How to get the /dasem_data/gutenberg/word2vec.pkl.gz

fnielsen / dasem

Danish Semantic analysis

Apache License 2.0

18 stars 3 forks source link

How to get the /dasem_data/gutenberg/word2vec.pkl.gz #7

Closed bipsen closed 5 years ago

bipsen commented 5 years ago

I have downloaded the gutenberg data as described in dasem/gutenberg.py. When i run the following, however, I get an error.

from dasem.gutenberg import Word2Vec
Word2Vec()

gives me: FileNotFoundError: [Errno 2] No such file or directory: '/home/USER/dasem_data/gutenberg/word2vec.pkl.gz' I am unsure of how to get the word2vec.pkl.gz file. Can I download the model from somewhere, or is the idea that I train the model myself using gensim? Sorry for my inexperience with dasem, gensim, and word2vec in general. Thank you for your great work.

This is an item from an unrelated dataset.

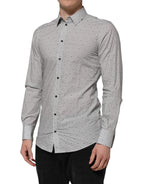 Dolce & Gabbana Gray Dotted Semi Fitted GOLD Men Formal Shirt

fnielsen commented 5 years ago

I am sorry. The error message certainly needs to be improved.

It is necessary to download the Gutenberg corpus yourself, and there are some retrictions on this: https://www.gutenberg.org/wiki/Gutenberg:Information_About_Robot_Access_to_our_Pages

You can see a bit of explaination with

python -m dasem.gutenberg --help

You can download the corpus with:

 python -m dasem.gutenberg download

Here the wget program is required.

bipsen commented 5 years ago

Thank you for your quick reply! I'm sorry if I wasn't clear. I've already run those commands, and I have two folders in my dasem_data/guteberg directory called aleph.gutenberg.org andwww.gutenberg.org containing the ebooks. My problem is that I don't have the word2vec.pkl.gz file - how do I get that?

fnielsen commented 5 years ago

I see your problem. I have attempted to fix the problem with a new version of dasem. If you clone and download a new version you might be able to get it to work.

python -m dasem.gutenberg train-and-save-word2vec

and then:

python -m dasem.gutenberg most-similar kvinde

bipsen commented 5 years ago

Thank you, it all works now! Looking forward to using dasem.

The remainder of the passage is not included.